AbstractCurcumin (Cur) indicates P‐glycoprotein inhibitory activity by downregulating the nuclear factor (NF)‐κB signaling and the PI3K/AKT/mTOR pathway. Curcumin has limited due to its low water‐solubility. Therefore, using novel chemotherapeutic nanoformulations of curcumin or combining it with paclitaxel (PCL) may be more effective against cancer. Recently, we demonstrated that the combination of chemotherapy with PCL and Cur, using non‐ionic surfactant‐based nano‐vesicles (NISV), exhibited enhanced synergistic anticancer efficacy in breast cancer cells. However, the effect of combining these drugs using non‐ionic surfactant‐based nano‐vesicles for treating ovarian cancer, particularly in terms of their influence on AKT1 and NF‐kappa B, has not been investigated.
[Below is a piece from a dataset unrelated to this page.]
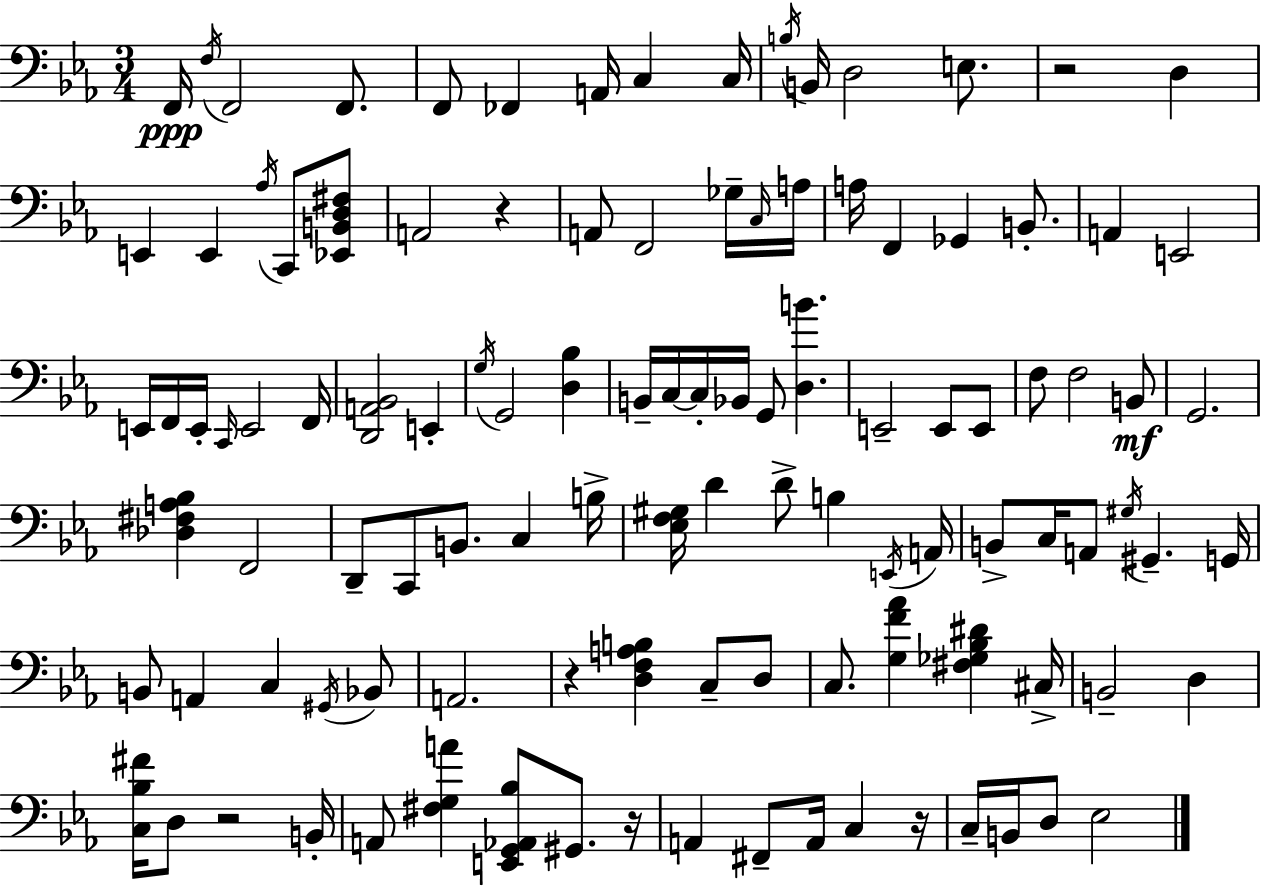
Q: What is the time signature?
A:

Hereupon, we decided to investigate the single and combination treatment with Cur and PCL on cell apoptosis, expression of the AKT‐1 gene, and determination of p65‐NF‐κB in OVCAR‐3 cell. The combination of chemotherapy with curcumin and paclitaxel, using NISV, resulted in a higher rate of apoptosis, more efficient reduction in AKT‐1 gene expression (91.2 % reduction in PCL‐NISV+Cur‐NISV vs. 72.89 % reduction in PCL+Cur free solution), and 79.42 % reduction in NF‐κB activity compared to individual treatments. The findings indicate that combining curcumin and paclitaxel using non‐ionic surfactant‐based nano‐vesicles may be a promising strategy for reducing ovarian cancer growth.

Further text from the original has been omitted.